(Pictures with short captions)

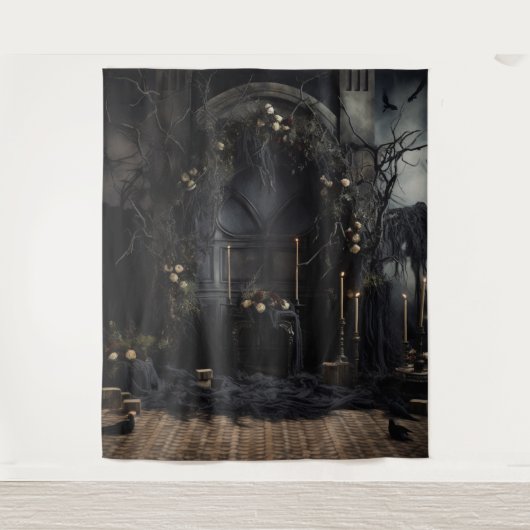 Moody Gothic Dark Alter met Ravens XLarge Wandkleed (Voorkant)
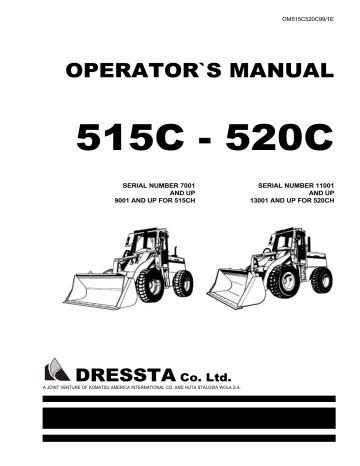 Dressta 515c 520c Operator S Manual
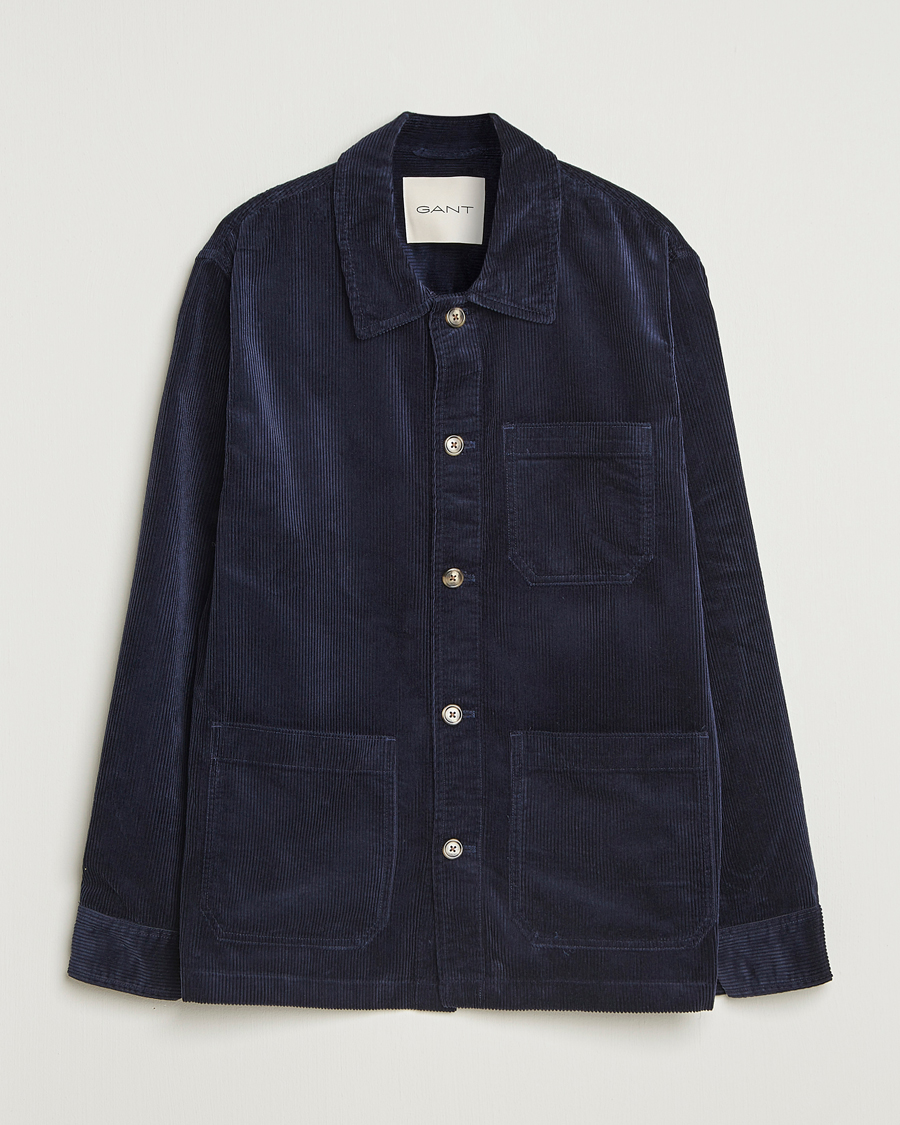 Men | Shirts | GANT | Regular Fit Corduroy Overshirt Evening Blue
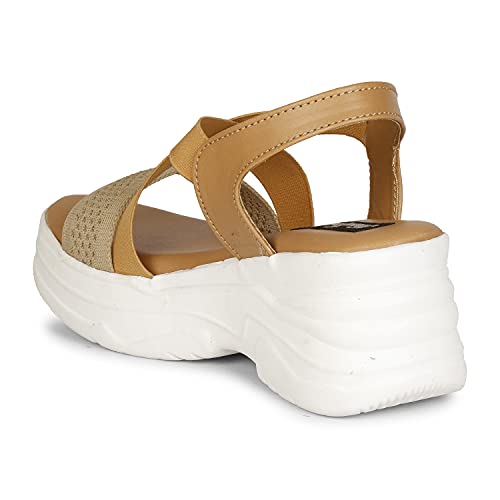 Image of Stylish Girl's High Heel Criss Cross Chunky Sole Casual Fashion Wedges Sandal For Women /Girls Ankle Strep Sandal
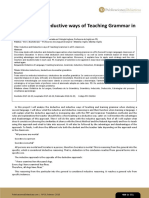 Inductive and Deductive Ways of Teaching Grammar in An EFL Classroom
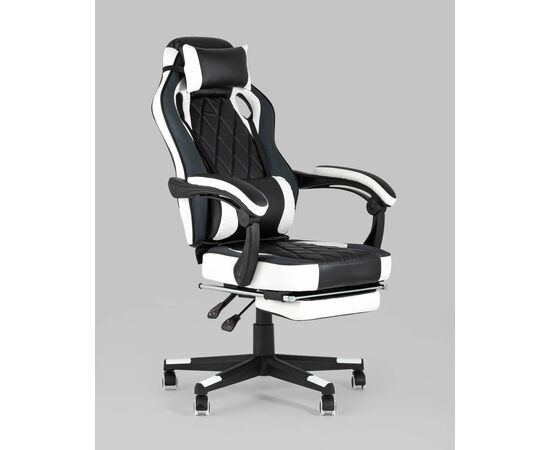 Кресло игровое TopChairs Virage черно-белое, изображение 2 | Интернет магазин мебели и декора LifeDekor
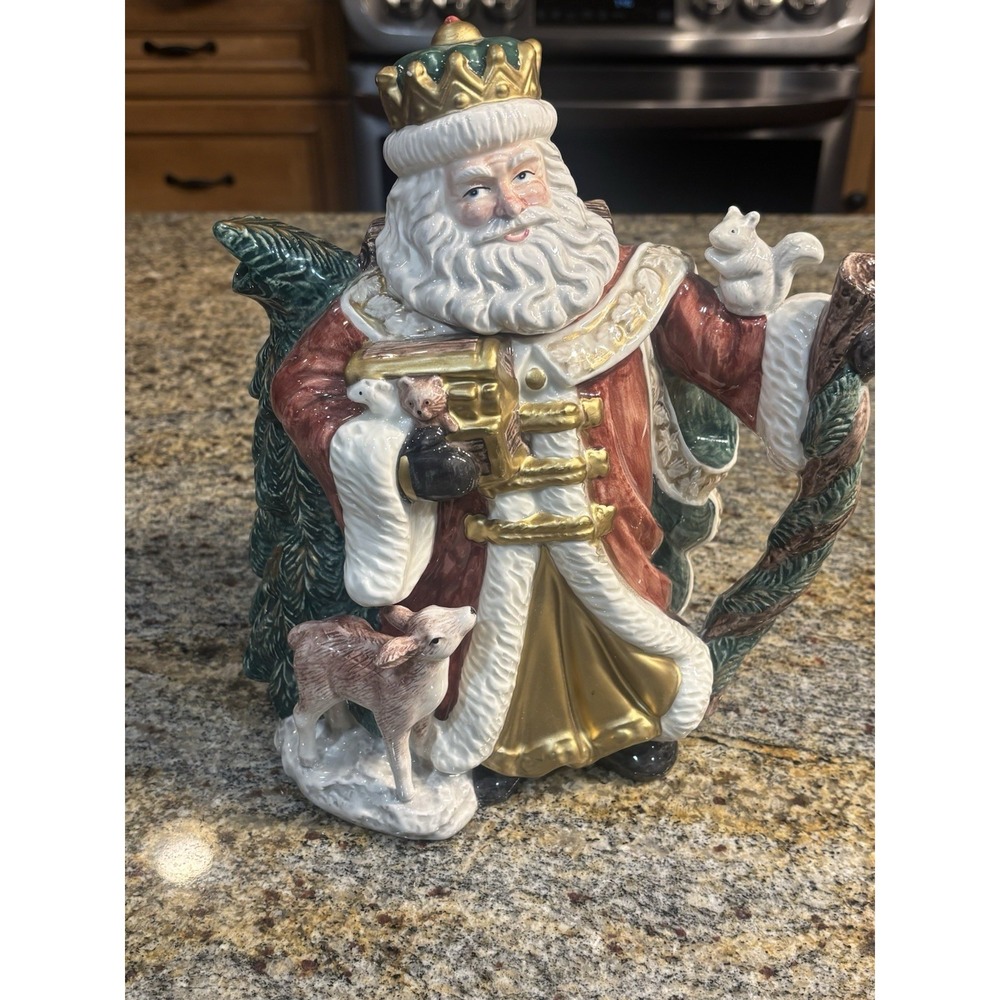VTG Fitz and Floyd King Wenceslas Santa Christmas Teapot Pitcher Omnibus 1995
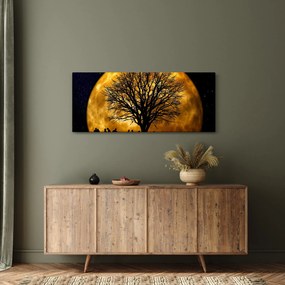 Tablou cu luna și siluete (120x50 cm)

### Problem requirements
From the line containing "Inductive and Deductive" down to the last line of the entries above, copy each line exactly and nothing more. Leave pictures out.

### Output
 Inductive and Deductive Ways of Teaching Grammar in An EFL Classroom
 Кресло игровое TopChairs Virage черно-белое, изображение 2 | Интернет магазин мебели и декора LifeDekor
VTG Fitz and Floyd King Wenceslas Santa Christmas Teapot Pitcher Omnibus 1995
 Tablou cu luna și siluete (120x50 cm)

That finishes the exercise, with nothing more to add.